Chapman highlighted the relevance of thrombin in inflammatory brain diseases (42, 43). Thrombin has numerous hormone-like functions modulating, among other, microglia and astrocytes (44). The activity of thrombin in the brain is regulated by thrombin inhibitors such as serum antithrombin III and brain protease nexin-1 secreted by glial cells and neurons that confirms the relevance of thrombin regulation in the brain (42, 43). An increase of brain protease nexin-1 levels was shown at early pre-clinical stages in EAE (45) while the plasma thrombin–antithrombin complexes increased immediately prior to EAE symptoms and decreased in relation to their improvement (46).

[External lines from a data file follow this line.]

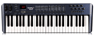 AVID M-Audio Oxygen 49 MK2 Controller USB/MIDI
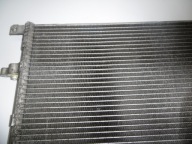 Radiateur climatisation VOLVO XC90 2.9 T6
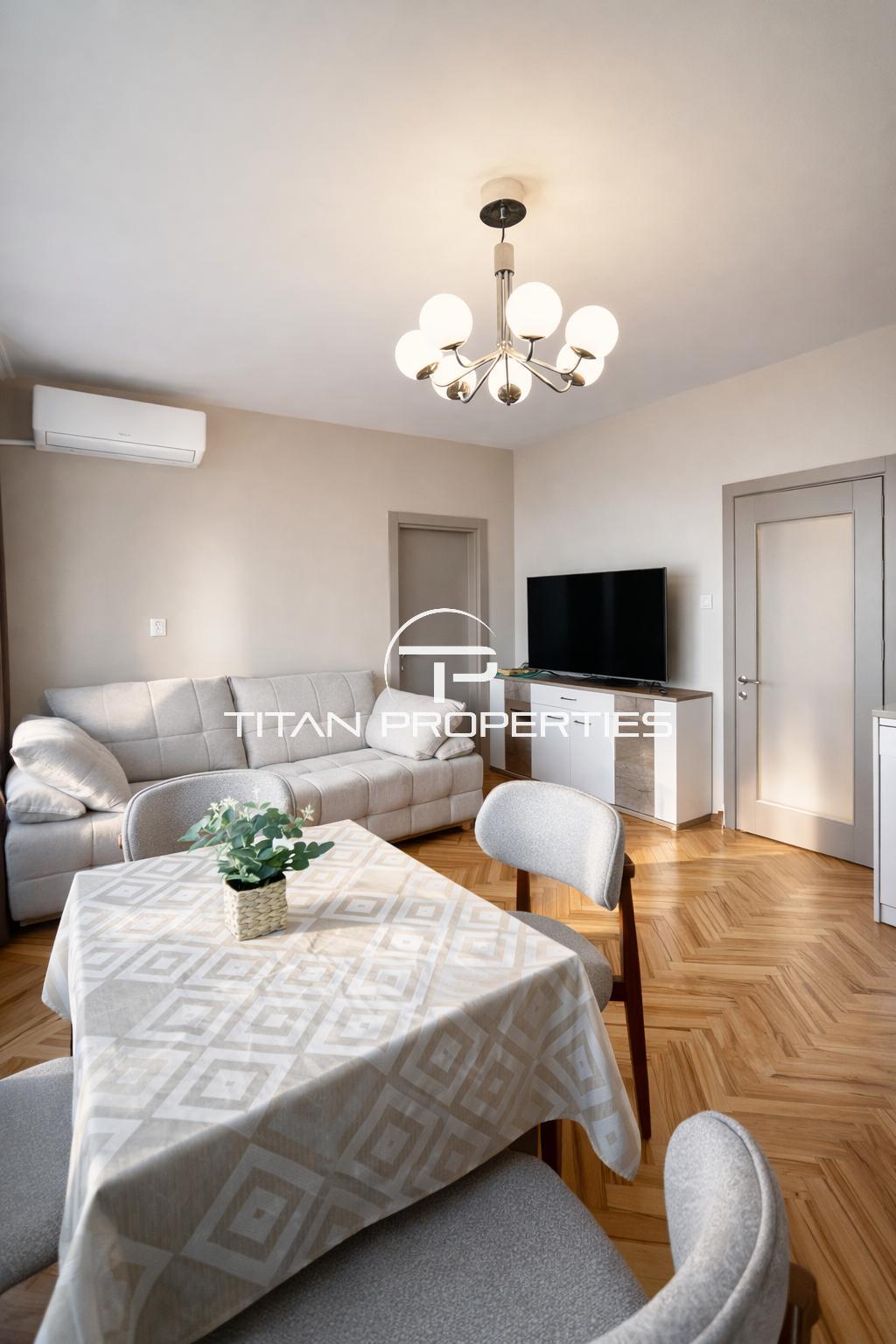 За продажба в Пловдив многостаен Христо Смирненски ID 2106135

The activated microglia, a cellular component of innate immunity in the brain, along with fibrin deposition, were both found in acute/early MS and in rat EAE lesions, representing a first stage of tissue injury before active demyelination and massive T-cell infiltration (47). Fibrin deposition preceded and regulated inflammatory demyelination, as well as genetic or pharmacological fibrin depletion ameliorated both clinical symptoms and inflammatory response in EAE (48). Likewise, hirudin or recombinant activated protein C improved EAE and suppressed pro-inflammatory T-helper1 and T-helper17 cytokines in astrocytes and immune cells (41). The suppression of EAE by dermatan sulfate (49) or low doses of heparins (50) has been long demonstrated.
All reported here data highlight that the activation of coagulation system, linked to innate immunity, is a mandatory process during the early immune reaction toward the tissue damage of any kind. This reaction is independent of the underlying cause of injury and precedes a specific adaptive immune response in both MS and EAE.
Although the histopathological studies have only rarely found cerebral venous thrombosis in MS, there is convincing evidence supporting the presence of inflammatory-thrombotic processes during the overall course of the disease, from its early phases. This might confirm the relevant role of innate immunity in MS not only for its inflammatory component (4–6, 47), but also for the coagulant one. These manifestations are present both in the brain and at peripheral level reflecting a systemic stimulation of innate immunity by unknown exogenous factors that may be represented by viral infections (51). In fact, even if the etiology of MS still remains unexplained, viral infections are considered the main environmental factors related to MS as suggested by their association with disease exacerbations (52) as well as by many epidemiological studies and the common presence of oligoclonal IgG in the cerebrospinal fluid of MS patients (51) and by their relevance as non-heritable factors in gene–environment interactions (53).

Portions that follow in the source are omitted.